Publication year - 1996
Publication title -
journal of mass spectrometry
Language(s) - English
Resource type - Journals
SCImago Journal Rank - 0.475
H-Index - 121
eISSN - 1096-9888
pISSN - 1076-5174
DOI - 10.1002/(sici)1096-9888(199607)31:7<756::aid-jms348>3.0.co;2-l
Subject(s) - chemistry , mass spectrometry , fragmentation (computing) , electrospray ionization , protonation , collision induced dissociation , dissociation (chemistry) , ion , molecule , tandem mass spectrometry , analytical chemistry (journal) , electrospray , ionization , chromatography , organic chemistry , computer science , operating system
Eight naturally occurring and four synthetic cytokinins were studied by means of electrospray ionization collision‐induced dissociation single‐quadrupole mass spectrometry in order to examine the potential of this technique in the mapping of their structures. At a low capillary exit voltage, protonated molecular ions dominated, but in the range 240–300 V informative and typical collision‐induced fragmentation was obtained.
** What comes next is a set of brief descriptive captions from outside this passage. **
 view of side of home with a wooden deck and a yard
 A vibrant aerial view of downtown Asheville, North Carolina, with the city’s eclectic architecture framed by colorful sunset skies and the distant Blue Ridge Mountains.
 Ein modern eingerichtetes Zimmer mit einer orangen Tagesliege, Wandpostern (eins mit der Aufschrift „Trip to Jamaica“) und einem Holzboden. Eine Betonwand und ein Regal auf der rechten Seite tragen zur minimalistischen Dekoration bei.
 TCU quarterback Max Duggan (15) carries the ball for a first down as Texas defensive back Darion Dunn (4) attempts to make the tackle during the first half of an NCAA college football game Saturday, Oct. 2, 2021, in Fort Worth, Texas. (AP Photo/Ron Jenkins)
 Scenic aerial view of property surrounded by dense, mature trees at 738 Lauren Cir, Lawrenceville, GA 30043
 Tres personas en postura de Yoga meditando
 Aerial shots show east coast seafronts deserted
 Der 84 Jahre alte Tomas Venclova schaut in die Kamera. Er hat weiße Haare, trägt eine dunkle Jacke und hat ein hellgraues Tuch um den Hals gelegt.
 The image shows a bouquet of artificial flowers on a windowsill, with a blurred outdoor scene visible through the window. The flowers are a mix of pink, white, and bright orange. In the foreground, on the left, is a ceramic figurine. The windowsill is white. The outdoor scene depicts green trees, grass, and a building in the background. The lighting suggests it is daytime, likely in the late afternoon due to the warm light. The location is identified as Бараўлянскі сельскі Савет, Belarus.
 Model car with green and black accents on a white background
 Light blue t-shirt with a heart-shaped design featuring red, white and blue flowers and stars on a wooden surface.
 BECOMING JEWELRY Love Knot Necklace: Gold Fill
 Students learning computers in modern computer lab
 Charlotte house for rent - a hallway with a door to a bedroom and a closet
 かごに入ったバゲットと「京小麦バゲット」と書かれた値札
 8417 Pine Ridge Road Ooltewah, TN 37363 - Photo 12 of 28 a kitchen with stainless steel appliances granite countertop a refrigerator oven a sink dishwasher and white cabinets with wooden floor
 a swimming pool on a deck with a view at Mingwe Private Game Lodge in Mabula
At these voltages, protonated adenine and purine ions ( m/z 136 and 119, respectively) were formed from all natural but not from the synthetic cytokinins, which produced other ions specific to the molecule. Nevertheless, the loss of 132 u ([M+H‐C 5 H 8 O 4 ] + ) or 162 u ([M+H‐C 6 H 10 O 5 ] + ) pointed to the presence of the ribosyl or glucosyl group in the two types of cytokinins. The occurrence of the molecular and ‘diagnostic’ ions, and the possible loss of 132 or 162 u, readily permit the characterization of the chemical structure and the identification of unknown cytokinin molecules.